I wrote recently about the joys of elevators, particularly coupled with the nifty-if-battered-and-stolen shopping cart that I use to take groceries or other bags from my car to my condo unit.

But the joy doesn’t stop there. The elevator not only goes up, it goes down. Which means I can use it to take out the garbage.

I hate garbage. I particularly hate modern garbage. Old timey traditional garbage was nice and simple. You take anything you want to throw out, you put it in a bag, and three or four times a week you take the garbage to the curb and nice men take it away for you.

Modern garbage is different. Now, you have to separate out certain types of garbage from other types of garbage, with the delineation between garbage types often seemingly arbitrary. Some paper goes into the clear garbage bags, other paper into the black garbage bags. And if you get it wrong, the mean people from some sort of enforcement division give you a ticket.

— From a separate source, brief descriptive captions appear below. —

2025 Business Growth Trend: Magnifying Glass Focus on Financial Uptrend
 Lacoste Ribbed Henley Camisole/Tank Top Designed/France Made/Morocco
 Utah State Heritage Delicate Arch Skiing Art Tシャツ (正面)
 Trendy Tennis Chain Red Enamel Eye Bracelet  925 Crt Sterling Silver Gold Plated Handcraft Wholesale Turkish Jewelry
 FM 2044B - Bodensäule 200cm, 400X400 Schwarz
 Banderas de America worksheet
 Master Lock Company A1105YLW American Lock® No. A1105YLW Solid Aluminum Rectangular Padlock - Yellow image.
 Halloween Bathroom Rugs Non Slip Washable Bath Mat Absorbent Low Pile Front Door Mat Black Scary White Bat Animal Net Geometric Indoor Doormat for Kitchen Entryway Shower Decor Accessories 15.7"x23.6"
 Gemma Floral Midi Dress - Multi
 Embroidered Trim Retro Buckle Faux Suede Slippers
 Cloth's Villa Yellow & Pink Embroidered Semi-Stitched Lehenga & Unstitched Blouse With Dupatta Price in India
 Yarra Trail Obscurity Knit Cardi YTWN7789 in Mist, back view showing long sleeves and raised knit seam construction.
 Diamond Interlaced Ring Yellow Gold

Not only that, but in my old apartment on the UWS, garbage was even worse.
First of all, my apartment was a walkup, three flights to the street. So I’d come home at night, climb those stairs, and have to pick up garbage to walk down the stairs, only to have to walk back up if I wanted to sleep in my apartment. I hated climbing those stairs.

Second, they only picked up the clear garbage once a week, so you had to live with the clutter and stink of old cans and bottles for days and days until you could get rid of it. And if you forgot to drop them off Tuesday night, as I often did, you lived with them another week.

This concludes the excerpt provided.